2 Replies Latest reply on Nov 4, 2012 4:00 AM by Vlada

    X25-M 80 giga low performance - "IDE mode" fault?

    lekfranc

      Last january I replaced the Hard Disk in my netbook (LG X110-L.B7WHP1) with a X25-m 80 Gig ver.2 and installed win7.

      Made no change in my BIOS configuration, that promptually recognized the new component and allowed me to perform a clean install of windows 7 32 bits.

      After weeks of usage, I´ve gotten the feeling that the netbook bootup time didn´t change and all, as well as general performance.
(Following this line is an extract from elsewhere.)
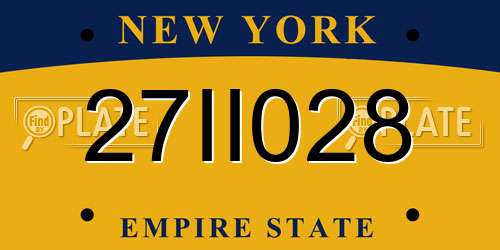 27II028 New York License Plate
Only thing positively affected was battery autonomy (expensive way to achieve that).

      Also bothered me to see thar Win 7 didn´t allowed native TRIM funtionality in my setup. (one of the reasons I installed Win 7 on my netbook).
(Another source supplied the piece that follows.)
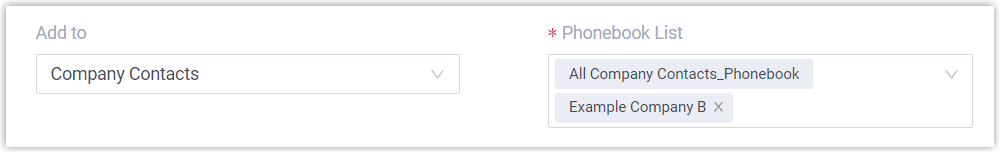 Selecting Company Contacts and a phonebook in the Add to field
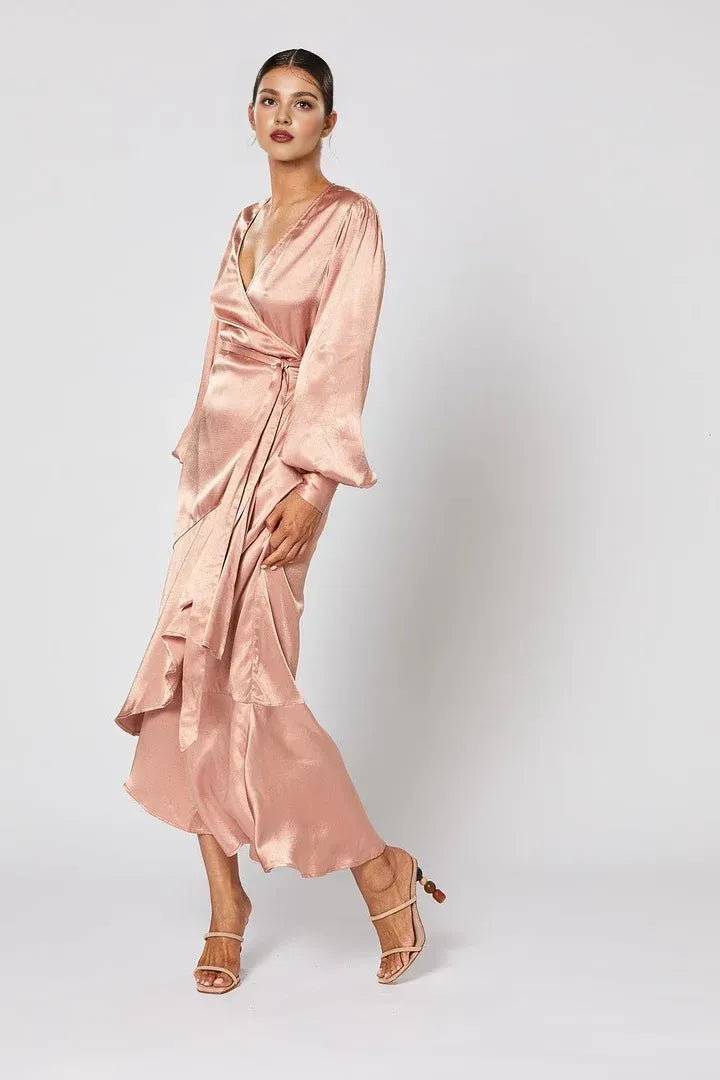 Cheap Fitted V Neck Long Sleeve Ankle-Length Prom Dress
      Now, after reading others posts on this community, I understood I had something missing in my setup: AHCI support!

      According to intel website, the chipset installed in my netbook (discovered by intel application), 82801GBM, supports AHCI, but my netbook´s BIOS doesn´t allow change in HDD mode. It says ´IDE mode´ and that´s it.

      I ran AS SSD Benchmark and compared with results published in other posts. It´s less than 50% that others users are getting with X25-M in AHCI mode.

       

      AS SSD Benchmark 1.4.3645.3568
      ------------------------------
      Name: INTEL SSDSA2M080G2GC ATA Device
      Firmware: 2CV102HD
      Controller: intelide
      Offset: 103424 K - OK
      Size: 74,53 GB
      Date: 21/02/2010 00:36:47
      ------------------------------
      Sequential:
      ------------------------------
      Read: 120,39 MB/s
      Write: 59,58 MB/s
      ------------------------------
      4K:
      ------------------------------
      Read: 13,46 MB/s
      Write: 16,13 MB/s
      ------------------------------
      4K-64Threads:
      ------------------------------
      Read: 19,10 MB/s
      Write: 28,25 MB/s
      ------------------------------
      Access Times:
      ------------------------------
      Read: 0,177 ms
      Write: 0,221 ms
      ------------------------------
      Score:
      ------------------------------
      Read: 45
      Write: 50
      Total: 121
      ------------------------------

      My questions are:

      1- Is the lack of AHCI the sole responsible for the low performance of my X25-M?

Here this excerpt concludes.